# [Activity]
Write out exactly, excluding pictures, the lines from the one containing "The old town" through the end of the data, both included.

--------------------

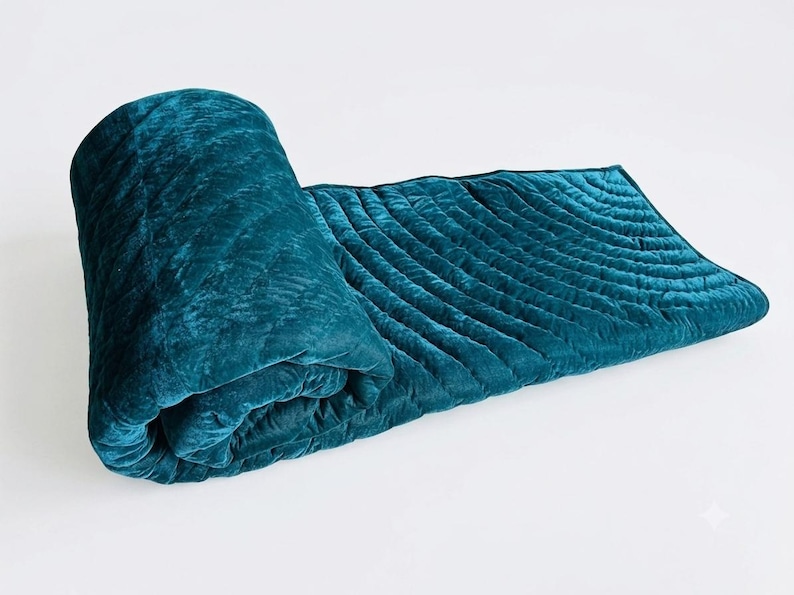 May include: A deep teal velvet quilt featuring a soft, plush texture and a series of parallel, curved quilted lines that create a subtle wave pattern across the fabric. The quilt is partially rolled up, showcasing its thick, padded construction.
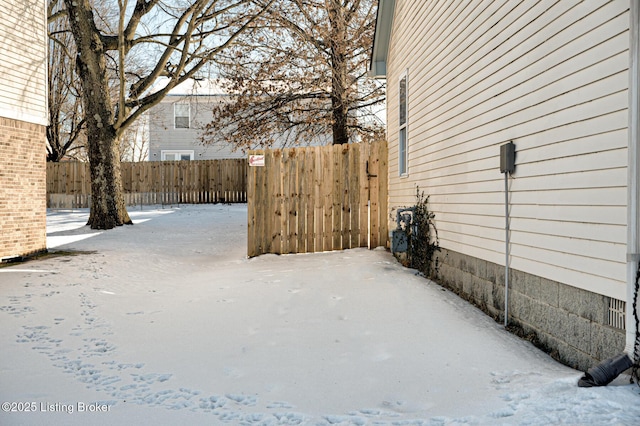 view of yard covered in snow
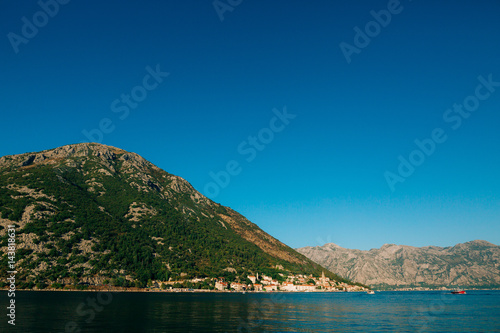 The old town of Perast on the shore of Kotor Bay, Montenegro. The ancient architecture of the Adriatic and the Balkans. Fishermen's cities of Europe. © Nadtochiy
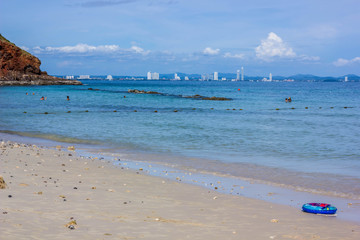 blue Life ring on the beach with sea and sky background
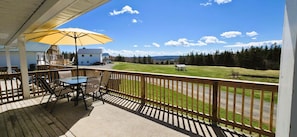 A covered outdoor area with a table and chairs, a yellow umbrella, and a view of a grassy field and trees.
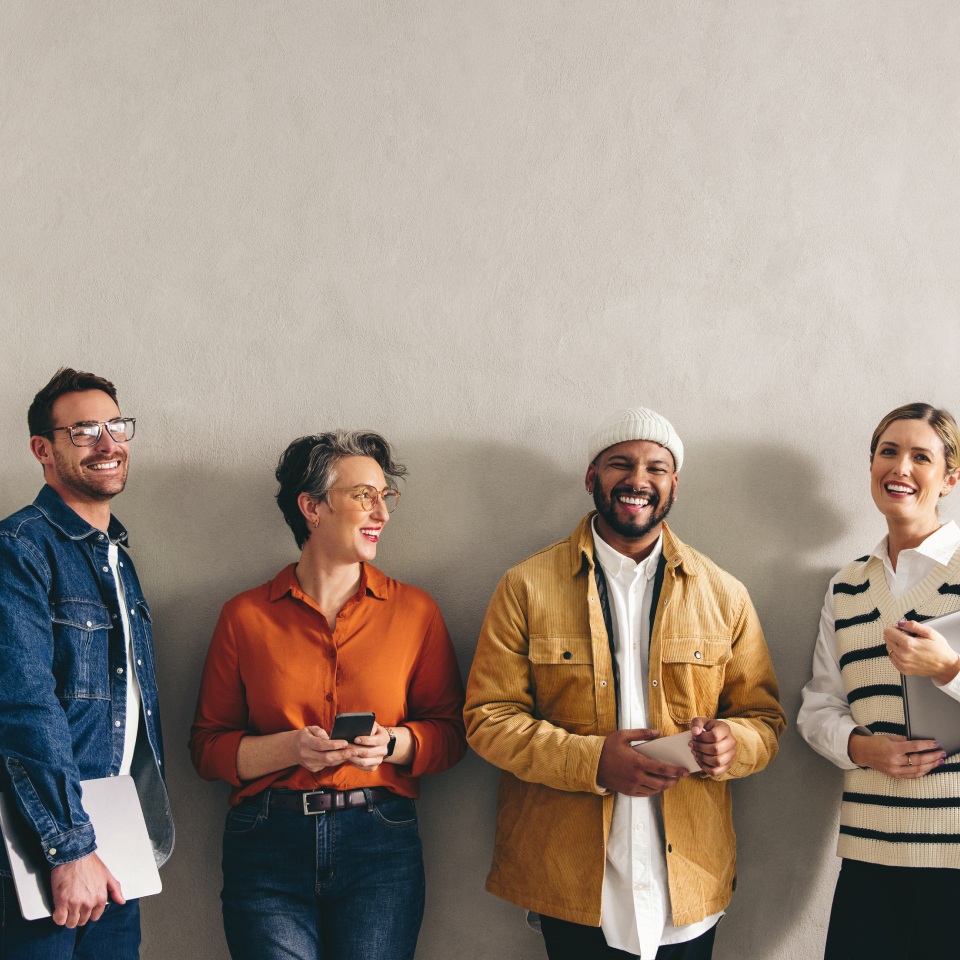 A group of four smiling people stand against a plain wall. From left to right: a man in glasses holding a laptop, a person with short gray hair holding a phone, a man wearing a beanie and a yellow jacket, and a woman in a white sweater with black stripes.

--------------------

# [Written solution]
 The old town of Perast on the shore of Kotor Bay, Montenegro. The ancient architecture of the Adriatic and the Balkans. Fishermen's cities of Europe. © Nadtochiy
 blue Life ring on the beach with sea and sky background
 A covered outdoor area with a table and chairs, a yellow umbrella, and a view of a grassy field and trees.
 A group of four smiling people stand against a plain wall. From left to right: a man in glasses holding a laptop, a person with short gray hair holding a phone, a man wearing a beanie and a yellow jacket, and a woman in a white sweater with black stripes.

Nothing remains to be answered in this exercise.